Museum digitization teams routinely ingest high-resolution TIFFs and multi-page PDFs from accession ledgers, donor correspondence, and provenance cards. The operational objective is to extract structured provenance strings for direct synchronization into collection management systems. Legacy workflows rely on ad-hoc OCR calls that produce fragmented output. Modern pipelines require deterministic, memory-bounded extraction engines. Validated JSON payloads must align with institutional metadata standards before ingestion. This guide replaces heuristic scraping with a production-grade architecture.

flowchart LR
    Img["Provenance card<br/>TIFF"] --> Pre["1 · Preprocess<br/>threshold · deskew"]
    Pre --> Tess["2 · Tesseract<br/>PSM 6"]
    Tess --> Batch["3 · Memory-bounded<br/>batch"]
    Batch --> Val["4 · Validate<br/>ProvenanceRecord"]
    Val --> IIIF["5 · IIIF manifest<br/>+ CMS sync"]

Root Cause Analysis

Default Tesseract configurations target modern, high-contrast, single-column documents. Archival provenance materials violate core LSTM engine assumptions. Cascading failures emerge across four primary vectors.

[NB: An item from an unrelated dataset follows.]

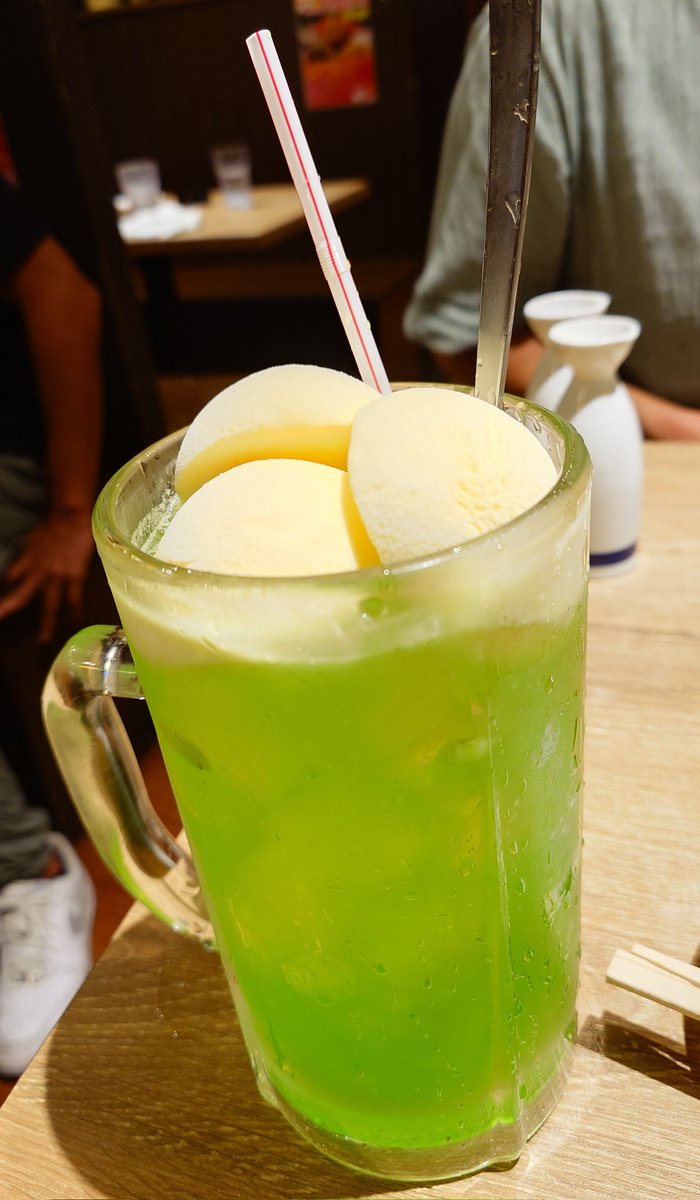 あやめりよさんとIKAさんと創作空間cafeアトリエで色紙交換会したり居酒屋でバカの唐揚とクリームソーダキメたりしてきました!!!楽しかった〜!!!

Page Segmentation Mode (PSM) mismatches cause structural fragmentation. Provenance cards contain mixed orientations, marginalia, and institutional stamps. The default --psm 3 forces a rigid grid layout. Text blocks interleave with stamp overlays, destroying reading order.

Insufficient preprocessing pipelines degrade contour detection. Faded iron-gall ink and yellowed paper lack binary contrast. Without adaptive thresholding and morphological noise removal, ligatures and diacritics fail recognition.

Subprocess memory bloat destabilizes batch execution. pytesseract spawns independent CLI processes per image. High-DPI TIFFs accumulate orphaned workers. Shared ingestion servers trigger OOM kills under concurrent load.

Unvalidated output ingestion corrupts downstream sync queues. Raw OCR strings bypass schema enforcement. Malformed dates and restricted PII propagate into CMS records. This breaks Automated Record Ingestion & Sync Workflows and forces manual reconciliation.

Step 1: Deterministic Image Preprocessing

Archival extraction requires adaptive normalization before engine invocation. OpenCV provides deterministic binarization and geometric correction. The pipeline must isolate text regions while suppressing background degradation.

python

import cv2
import numpy as np
from pathlib import Path

def preprocess_provenance_image(image_path: Path) -> np.ndarray:
    img = cv2.imread(str(image_path), cv2.IMREAD_GRAYSCALE)
    if img is None:
        raise ValueError("Invalid image path or unsupported format")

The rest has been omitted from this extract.